Saturday night our friends invited us over for what my girlfriend called “The Last Supper.”  This involved takeout from Buca di Beppo (supplemented by some gluten free pasta and sauce for Tom and Sydney).  The food was yummy, copious and very much appreciated.  My friend, Janet, is getting ready to go on a mission trip to the Dominican Republic, so after dinner, we went through her packing list, and fired up by my Fasting from Excess fervor, we debated how many shoes, which clothes, which medicines and personal hygiene goodies to bring, and which bag to stuff it all in.  She showed me her suitcase options and the quite largish rolling duffel she was planning on bringing.  I helpfully pointed out that her packing list said “one medium bag” and “one carry on”, not “one giant rolling duffel bag.”  Having traveled heavy to Ukraine when we adopted Tasha, I know of what I speak when you are getting on and off of various modes of transportation, in and out of hotels, at airports, etc.  And, as for the lovely Christians she is traveling with, they will all be in the same boat, so she can’t really count on them helping schlep her baggage around, no matter how nice they are.

She told me I could use two examples of excess uncovered during the packing exercise last night.  First, our friends have a closet, dubbed “the shoe closet,” that is one of those open-at-your-own-peril deals.  It is filled with shoes on the floor, approximately 24 inches deep, plus hanging bags with more shoes.  Though we do not have a dedicated shoe closet in our house, I suspect that if we took the time to make one, it would look the same way.  It reminded me a little bit of our now defunct deep freeze – last-in-first-out, with the shoes on the bottom never to be seen again.  Of course all kids present thought it was a terrible idea to go through them and give them away (that would involve work followed by saying bye-bye).

When we were going through some medicines figuring out what would be good to bring along to the DR, she handed me 3 half-full tubes of Neosporin with instructions to pick one for her to bring.  I figured the newest, freshest tube would be best to bring in case of owies in the DR.  I decided on one criterium:  newest one goes.  But there was a teensy little problem.  One expired 2 years ago, one expired 4 years, and one expired 11 years ago. 

After we had our chuckles, something hit me.  This excess thing, it creeps up on you. 

I don’t know that there are a whole lot of people who set out to have 3 partial tubes of expired antibiotic ointment in their cabinets.  Admittedly, it’s a blessing that they didn’t burn through more Neosporin than that in the last 11 years with two active kids, but still.
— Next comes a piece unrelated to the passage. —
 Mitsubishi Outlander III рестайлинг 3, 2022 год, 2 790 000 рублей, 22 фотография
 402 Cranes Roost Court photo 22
I don’t know that there are a whole lot of people who set out to have 8 cubic feet of shoes piled into a closet.  Or 62 unmatched socks.  Or a deep freeze half full of frozen food.

Our excess, it just creeps right on up, unused, unnoticed, unappreciated by us, and completely unusable by anyone else.  I think I’ve probably come up with every in-the-moment reason in the book to justify purchasing:  not sure if I have it, not sure where it is, not sure if it’s good anymore, might need more, someone is begging me for it, looks like a good price, if we have some more would be even better, and so on and on.
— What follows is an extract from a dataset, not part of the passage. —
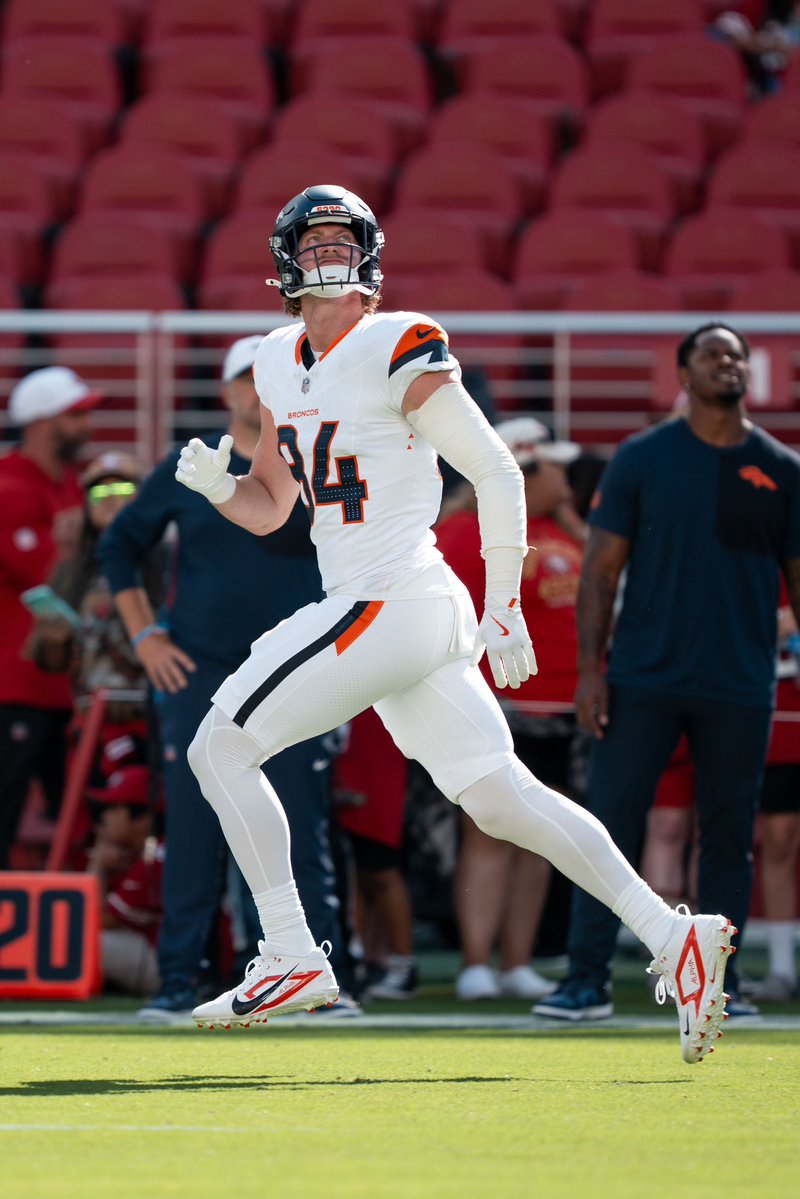 ZacStevensDNVR's tweet image. Broncos are elevating 7th-round rookie TE Caleb Lohner for Saturday’s playoff game against the Bills (1st @mikeklis9news)

Lohner could be a red zone threat.

If he plays, he’ll be making his NFL Debut.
It’s silly, maybe, to glom onto 3 old tubes of Neosporin to make my point, but it’s a clear example of how we buy because we can, then we forget, and we buy some more.  It’s self-interest run amok, and good stewardship run aground.

In Luke 12:15, Jesus said:
“Watch out! Be on your guard against all kinds of greed; life does not consist in an abundance of possessions.”
I like the phrase “does not consist in”.  It doesn’t say “does not consist of”.  If life doesn’t consist in something, it sounds like it has nothing to do with an abundance of possessions.

Food month is underway.  I will fill you in on the first few days of our food month tomorrow.